Muitos verbos de ação a serem revistos e pensados, no intervalo em que a água enche o copo e você mata sua sede. Ou melhor, você se hidrata, pois tomar água não é só quando você já está sedento. Não. Aí já reside um desequilíbrio e um perigo. Manutenção e tudo.
De forma objetiva sem muito rococó, o que trago aqui é um a reflexão sobre o corpo do vento, um pássaro - um pássaro que curiosamente não cantava. E depois destituído de sua matéria, passou a cantar.
O Pássaro deixou de ser pássaro, para ser vento. Teria morrido e ressuscitado? Acordou em outra dimensão mais progressista, que respeita individualidades e onde se convivem em harmonia, com certa tranquilidade, acolhendo as diversidades?
A desconstrução dos rótulos dados, nomes atribuídos, artigos definidos e cores pautam as nossas relações atuais. Estaríamos aprendendo ou reaprendendo? Penso que toda ideia de desconstrução, passa pela premissa de que algo já está posto. Algo já foi imposto. Algo já foi socialmente estabelecido e devidamente construído. Tudo isso há que se perguntar: sobre a ótica de quem? Atendendo a que interesses?

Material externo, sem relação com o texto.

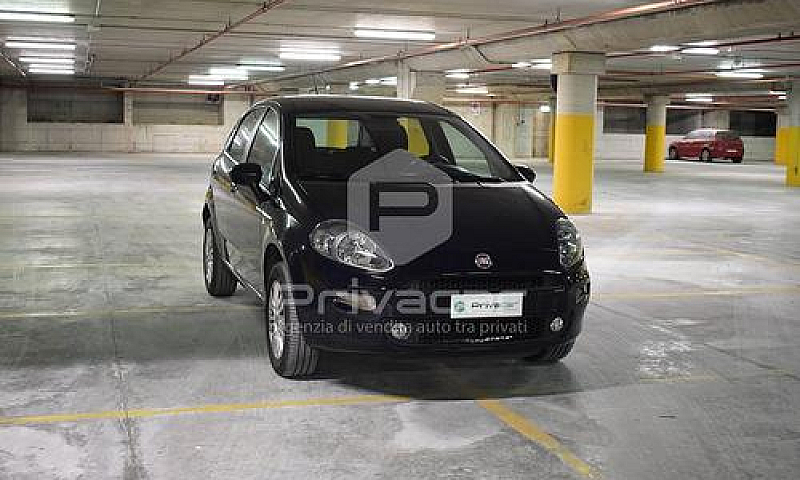 Fiat Punto 1.4 8V 5 ...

Exemplo: um filme. Um único roteiro, dirigido por um homem falando sobre questões femininas é possível? O mesmo filme, mesmo roteiro, dirigido por uma mulher teria outras leituras e vivências? Um vida negra, sendo narrada por uma visão do branco, como sempre foi e essa mesma vida negra, sendo narrada pela visão de outro negro, traria outras camadas?
Penso que isso muito nos interessa e o aprendizado pede urgências, para que existências não sejam apagadas.
Mas não distanciando da poesia de Couto, quero frisar a felicidade do vento, que era pássaro, que deixou de ser pássaro para ser vento e se integrar de forma fluida à natureza das coisas. Estaria eu querendo falar de evolução? De algo vivo que se transforma ao longo da existência e a força encantadora que tais mudanças podem agregar no convívio social?
Eu o desafio aqui no desenvolvimento desse olhar, dessas subjetividades aí, na sua aldeia. E como andam os modos operantes.
Acho que foi no quinto ano que apreendi esta frase: “Na natureza nada se cria, nada se perde tudo se transforma.” Lavoisier
Sigam refletindo por aí que eu sigo por aqui, divagando. Bora cantar com o vento.